→ **What the exercise asks**
A faithful transcription of all the entries below is needed, without the pictures.

→ **Input material**
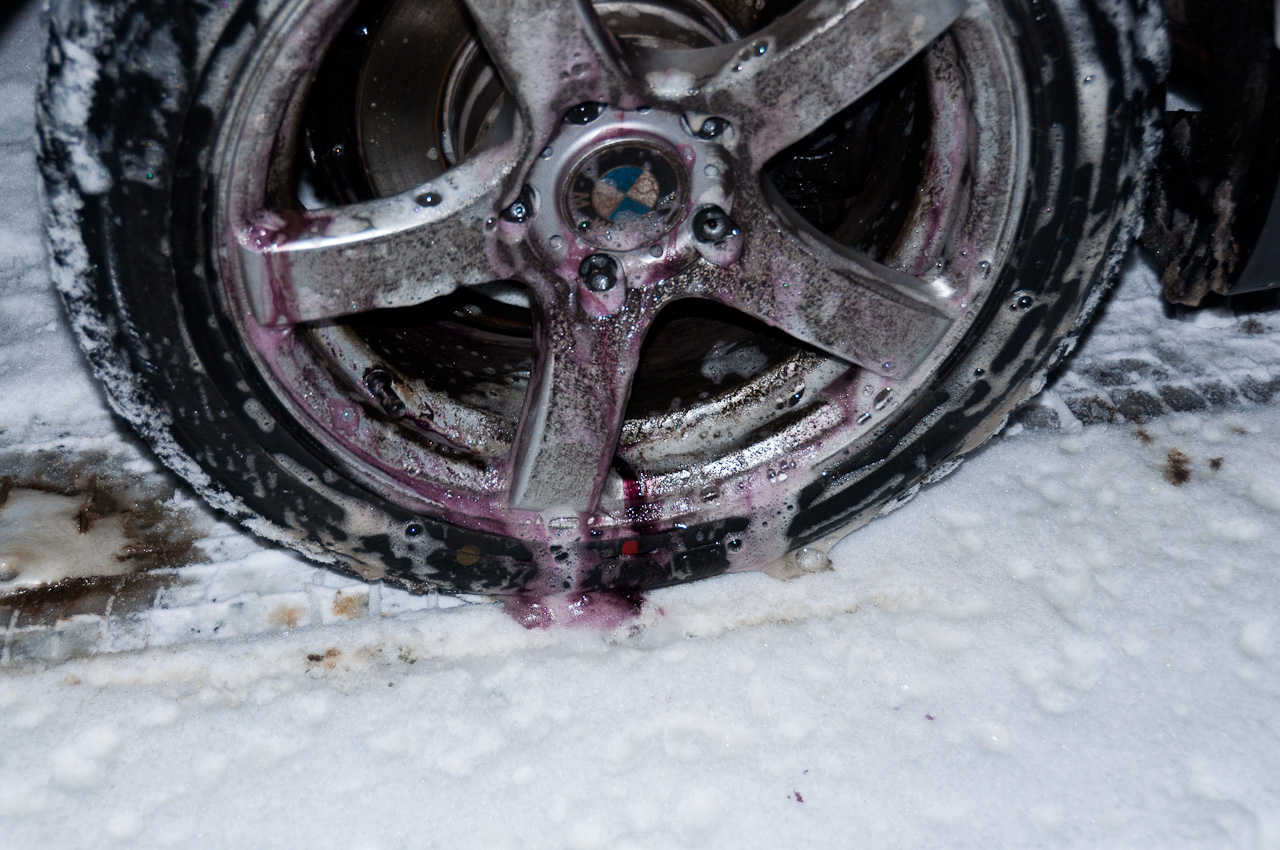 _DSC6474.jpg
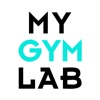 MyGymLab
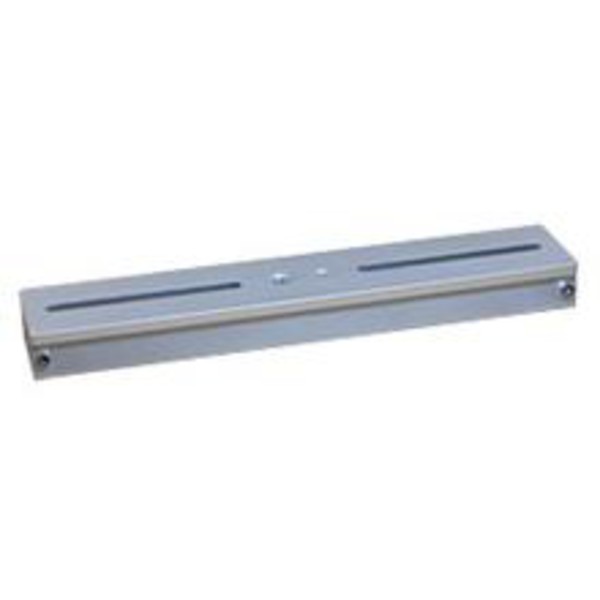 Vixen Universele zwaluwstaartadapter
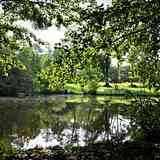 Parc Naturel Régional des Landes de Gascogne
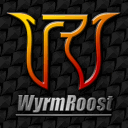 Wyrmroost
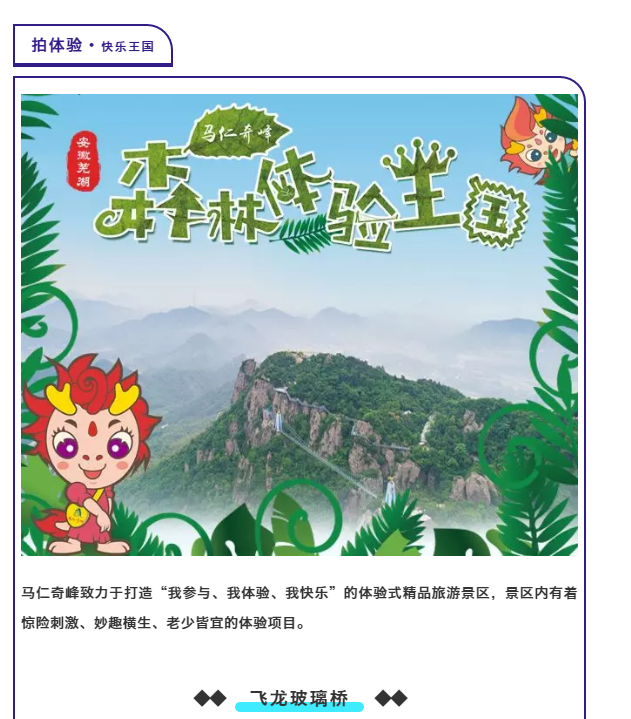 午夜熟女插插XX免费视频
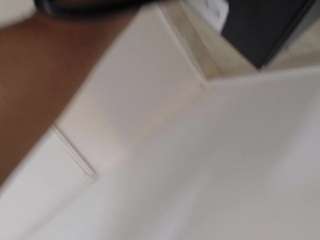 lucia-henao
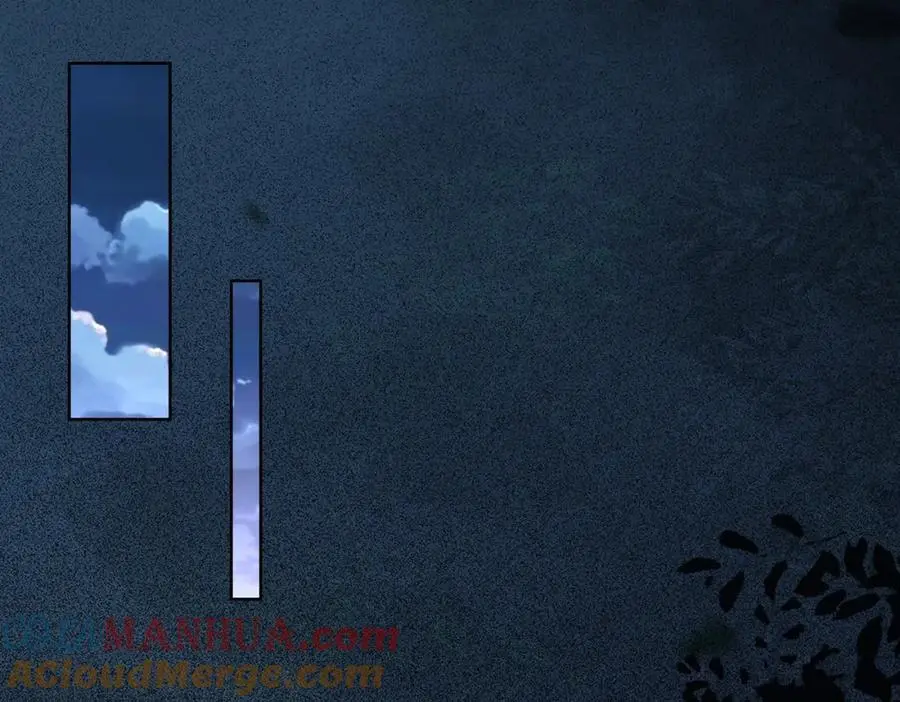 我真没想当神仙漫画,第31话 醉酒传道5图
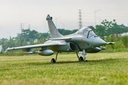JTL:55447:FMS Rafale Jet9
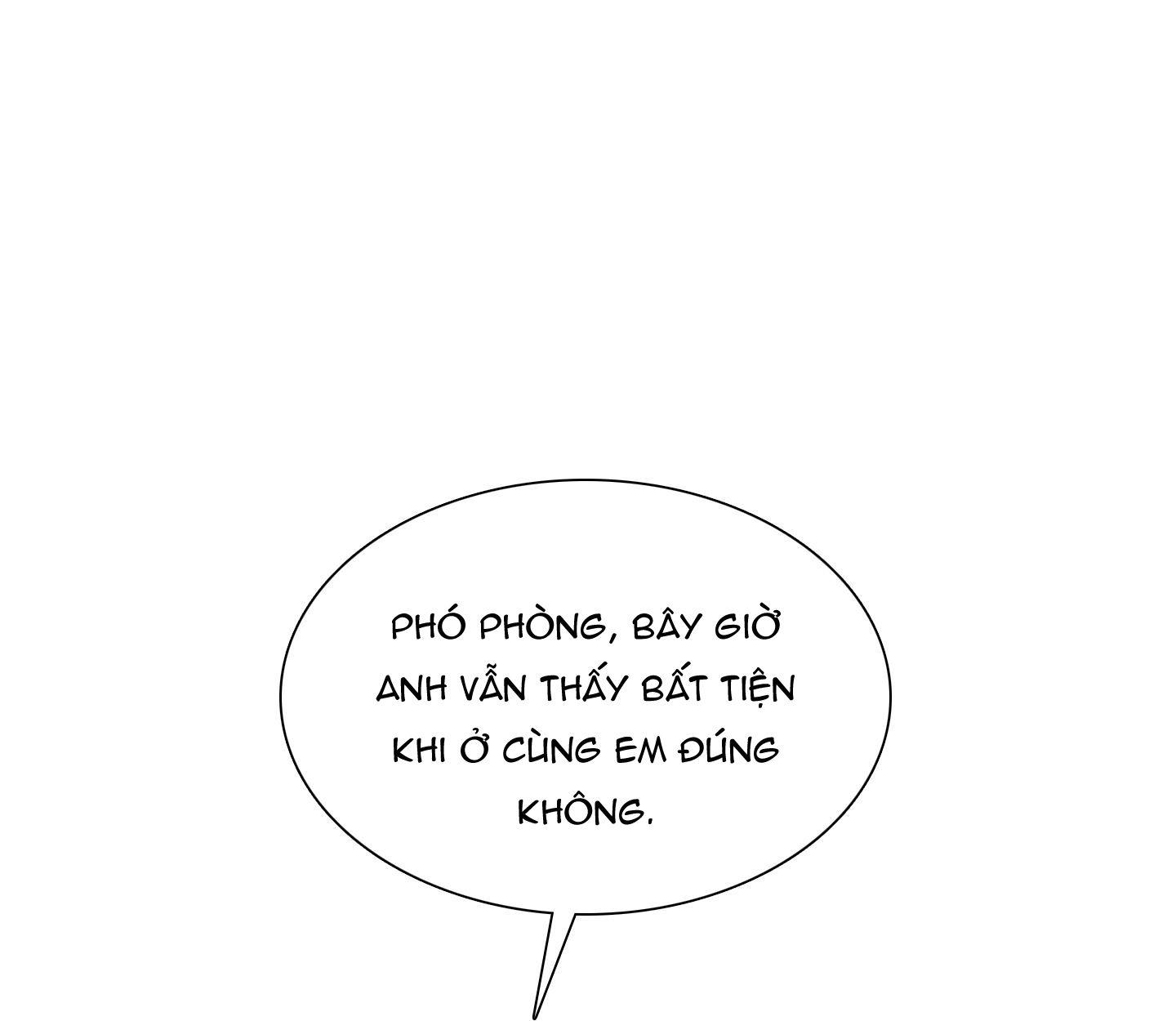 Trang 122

→ **Completed exercise**
 _DSC6474.jpg
 MyGymLab
 Vixen Universele zwaluwstaartadapter
 Parc Naturel Régional des Landes de Gascogne
 Wyrmroost
 午夜熟女插插XX免费视频
 lucia-henao
 我真没想当神仙漫画,第31话 醉酒传道5图
JTL:55447:FMS Rafale Jet9
 Trang 122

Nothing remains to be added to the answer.